DATASET CONTENT |
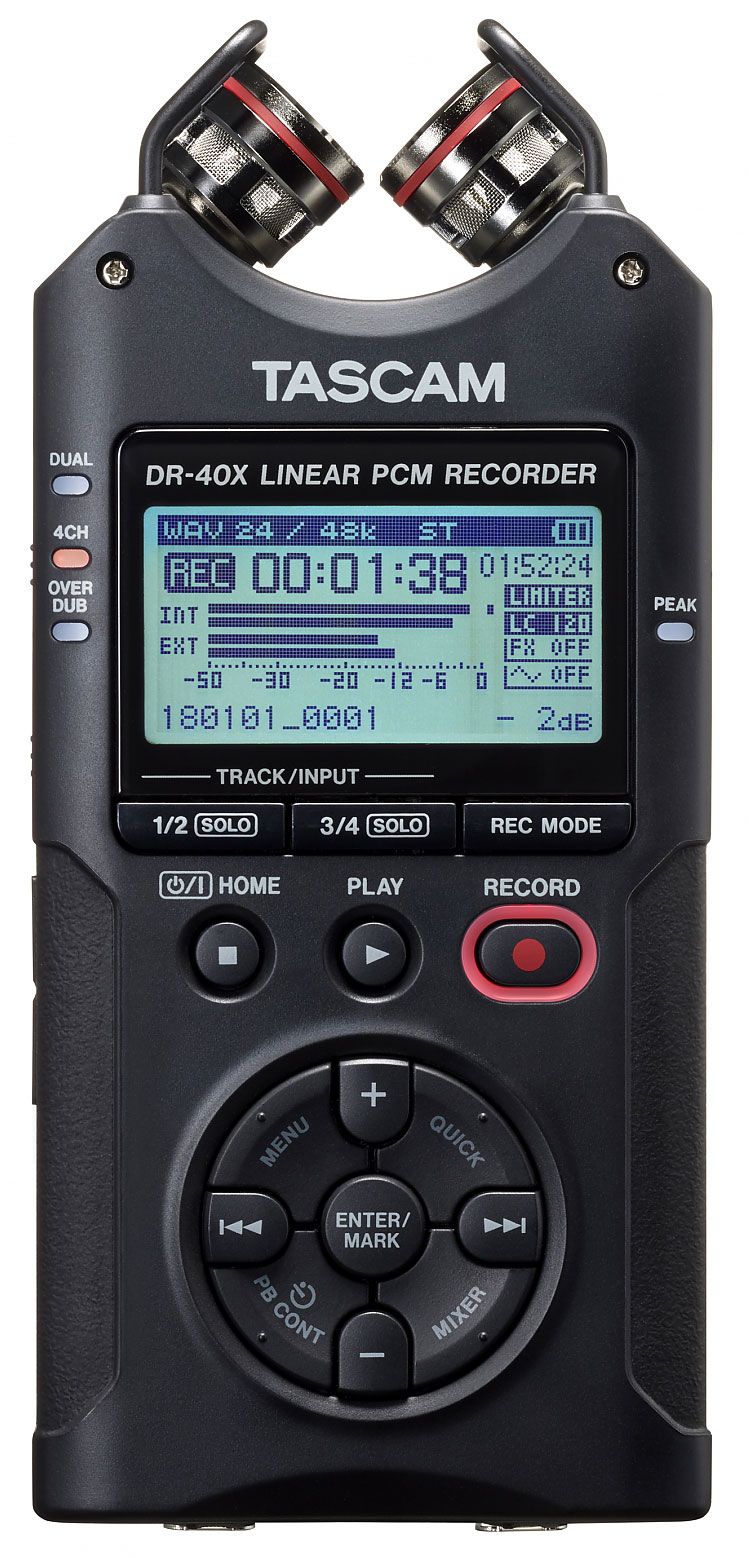 Рекордер мобильный [DR40X] Tascam [DR-40X] АЦП/ЦАП: 24 бит/96 кГц, 20-20000 Гц, THD: 0,01%, S/N: 94 дБ, микрофоны: 2 х всенаправленных A-B/X-Y, 2xCombo XLR/TRS Jack / 1/8" Stereo mini Jack, память: micro SDHC/SDXC, питание: 3 батареи АА, USB Micro-B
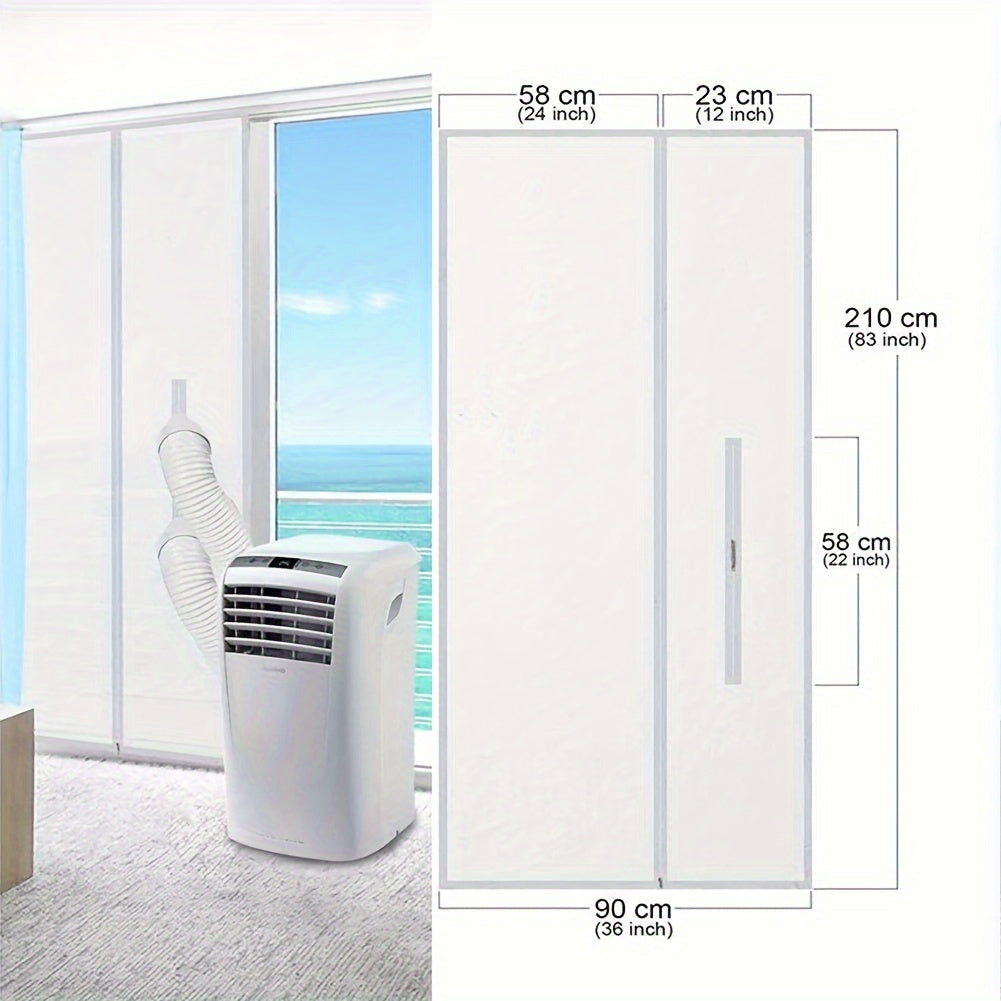 Indoor Mobile AC Sealing Accessory 58x90cm Door Window Baffle Cloth Plastic
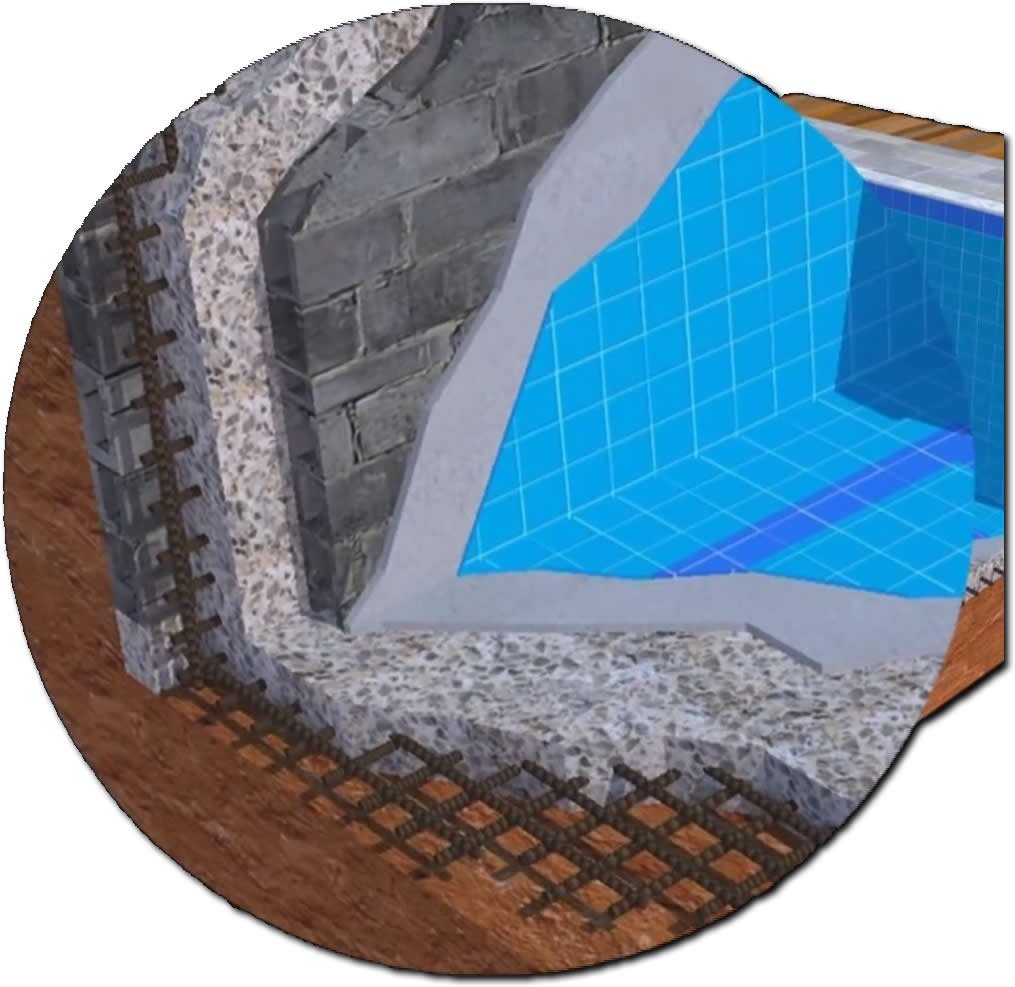 Detalhe da estrutura da piscina de concreto armado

ACTIVITY | Line by line and exactly, reproduce the span from the line with "Indoor Mobile AC" through the end of the data above, both ends included, with pictures left out.

RESPONSE BOX |
 Indoor Mobile AC Sealing Accessory 58x90cm Door Window Baffle Cloth Plastic
 Detalhe da estrutura da piscina de concreto armado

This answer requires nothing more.